A Great Emergency and Other Tales eBook

This eBook from the Gutenberg Project consists of approximately 242 pages of information about A Great Emergency and Other Tales.

A Great Emergency and Other Tales eBook

This eBook from the Gutenberg Project consists of approximately 242 pages of information about A Great Emergency and Other Tales.

I was completely nonplussed.  “I felt quite sure I could do nothing with him, he would be so heavy; but I felt equally certain that this was not the answer which Rupert expected, so I left the question to Henrietta’s readier wit.  She knitted her thick eyebrows for some minutes, partly with perplexity, and partly because of the sunshine reflected from the cucumber frame, and then said,

“We should bury him in a vault; Charlie and I couldn’t dig a grave deep enough.”

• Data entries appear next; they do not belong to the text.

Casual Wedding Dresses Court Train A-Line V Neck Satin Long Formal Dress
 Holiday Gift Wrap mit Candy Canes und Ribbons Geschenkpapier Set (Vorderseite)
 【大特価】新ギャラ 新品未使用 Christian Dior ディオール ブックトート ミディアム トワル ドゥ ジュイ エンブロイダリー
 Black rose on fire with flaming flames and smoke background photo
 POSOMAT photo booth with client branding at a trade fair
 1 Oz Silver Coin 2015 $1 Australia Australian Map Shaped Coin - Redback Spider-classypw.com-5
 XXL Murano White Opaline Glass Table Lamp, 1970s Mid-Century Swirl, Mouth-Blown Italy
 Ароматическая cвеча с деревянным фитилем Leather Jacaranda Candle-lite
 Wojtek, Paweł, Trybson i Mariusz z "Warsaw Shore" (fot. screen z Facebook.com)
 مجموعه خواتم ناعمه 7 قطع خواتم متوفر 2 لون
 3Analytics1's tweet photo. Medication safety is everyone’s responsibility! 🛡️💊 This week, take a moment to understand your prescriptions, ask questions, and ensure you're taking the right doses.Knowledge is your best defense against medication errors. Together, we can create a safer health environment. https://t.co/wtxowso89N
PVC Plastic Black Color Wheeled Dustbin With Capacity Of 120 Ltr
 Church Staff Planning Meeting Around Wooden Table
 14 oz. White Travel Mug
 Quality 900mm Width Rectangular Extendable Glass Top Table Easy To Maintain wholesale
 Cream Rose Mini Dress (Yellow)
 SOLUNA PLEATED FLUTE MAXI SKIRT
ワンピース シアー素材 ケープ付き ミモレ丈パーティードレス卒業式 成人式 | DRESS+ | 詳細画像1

I admired Henrietta’s foresight, but Rupert was furious.

“How silly you are!” he exclaimed, knocking over the top of the rhubarb-pot table and the empty glass in his wrath.  “Of course I don’t mean a dead man.  I mean what would you do to bring a partly drowned man to life again?”

“That wasn’t what you said,” cried Henrietta, tossing her head.

“I let you come to my lecture,” grumbled Rupert bitterly, as he stooped to set his table right, “and this is the way you behave!”

“I’m very sorry, Rupert dear!” said Henrietta.  “Indeed, I only mean to do my best, and I do like your lecture so very much!”

“So do I,” I cried, “very, very much!” And by a simultaneous impulse Henrietta and I both clapped our hands vehemently.  This restored Rupert’s self-complacency, and he bowed and continued the lecture.  From this we learned that the drowned man should be turned over on his face to let the canal water run out of his mouth and ears, and that his wet clothes should be got off, and he should be made dry and warm as quickly as possible, and placed in a comfortable position, with the head and shoulders slightly raised.  All this seemed quite feasible to us.  Henrietta had dressed and undressed lots of dolls, and I pictured myself filling a hot-water bottle at the kitchen boiler with an air of responsibility that should scare all lighter-minded folk.  But the directions for “restoring breathing” troubled our sincere desire to learn; and this even though Henrietta practised for weeks afterwards upon me.  I represented the drowned man, and she drew my arms above my head for “inspiration,” and counted “one, two;” and doubled them and drove them back for “expiration;” but it tickled, and I laughed, and we could not feel at all sure that it would have made the drowned man breathe again.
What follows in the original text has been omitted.